14-1. Repeat the café robot simulation from the beginning of the chapter. This time, set rho to zero, so that there is no correlation between intercepts and slopes. Plot the posterior distribution. How does the posterior distribution of the correlation reflect this change in the underlying simulation?

library(MASS)
a <- 3.5 
b <- (-1) 
sigma_a <- 1 
sigma_b <- 0.5 
rho <- 0 

Mu <- c(a, b)
cov_ab <- sigma_a * sigma_b * rho
Sigma <- matrix(c(sigma_a^2, cov_ab, cov_ab, sigma_b^2), ncol=2)

# Simulation
N_cafes <- 20
set.seed(6)
vary_effects <- mvrnorm(N_cafes, Mu, Sigma)
a_cafe <- vary_effects[ ,1]
b_cafe <- vary_effects[ ,2]

N_visits <- 10
afternoon <- rep(0:1, N_visits * N_cafes/2)
cafe_id <- rep(1:N_cafes, each=N_visits)
mu <- a_cafe[cafe_id] + b_cafe[cafe_id] * afternoon
sigma <- 0.5  # std dev within cafes
wait <- rnorm(N_visits * N_cafes, mu, sigma)
d <- data.frame(cafe=cafe_id, afternoon=afternoon, wait=wait)


set.seed(42)
m14.1 <- ulam(
  alist(
    wait ~ normal(mu, sigma),
    mu <- a_cafe[cafe] + b_cafe[cafe] * afternoon,
    c(a_cafe,b_cafe)[cafe] ~ multi_normal(c(a,b), Rho, sigma_cafe),
    a ~ normal(5, 2),
    b ~ normal(-1, 0.5),
    sigma_cafe ~ exponential(1),
    sigma ~ exponential(1),
    Rho ~ lkj_corr(2)
  ), data=d, chains=4, cores=4, refresh=0
)

#precis(m14.1, pars="Rho[1, 2]")

#posterior <- extract.samples(m14.1)
#dens(posterior$Rho[ , 1, 2])
#legend("topright",
      # pch=15,
       #legend=c("Rho"))

# Since we set rho to be equal to 0，the posterior distribution of the correlation reflects this change.
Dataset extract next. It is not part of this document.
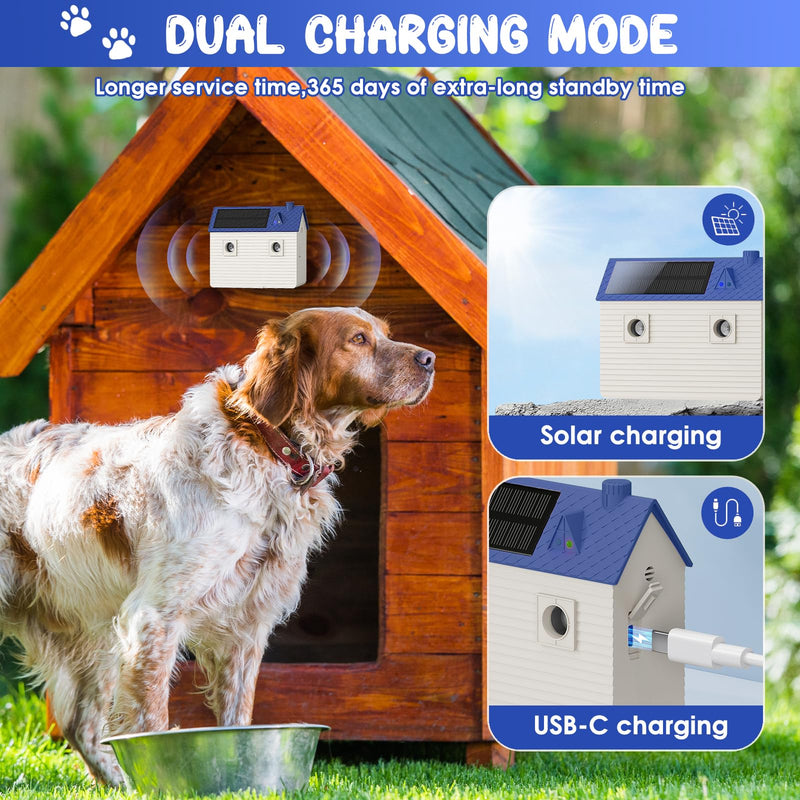 Dog Bark Deterrent Devices: Ultrasonic Anti Barking Device for Dogs with 3 Training Modes 50 FT | Solar Dog Barking Deterrent Devices | Stop Barking Dog Device for Indoor (Blue) Blue - PawsPlanet Australia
14-2. Fit this multilevel model to the simulated café data: \[\begin{align} \ W_i ∼ Normal(μ_i, σ) \\ \ μ_i = α_{CAFE[i]} + β_{CAFE[i]}A_i \\ \ α_{CAFE} ∼ Normal(α, σ_α) \\ \ β_{CAFE} ∼ Normal(β, σ_β) \\ \ α ∼ Normal(0, 10) \\ \ β ∼ Normal(0, 10) \\ \ σ, σ_α, σ_β ∼ Exponential(1) \\ \end{align}\] Use WAIC to compare this model to the model from the chapter, the one that uses a multi-variate Gaussian prior. Visualize the differences between the posterior means. Explain the result.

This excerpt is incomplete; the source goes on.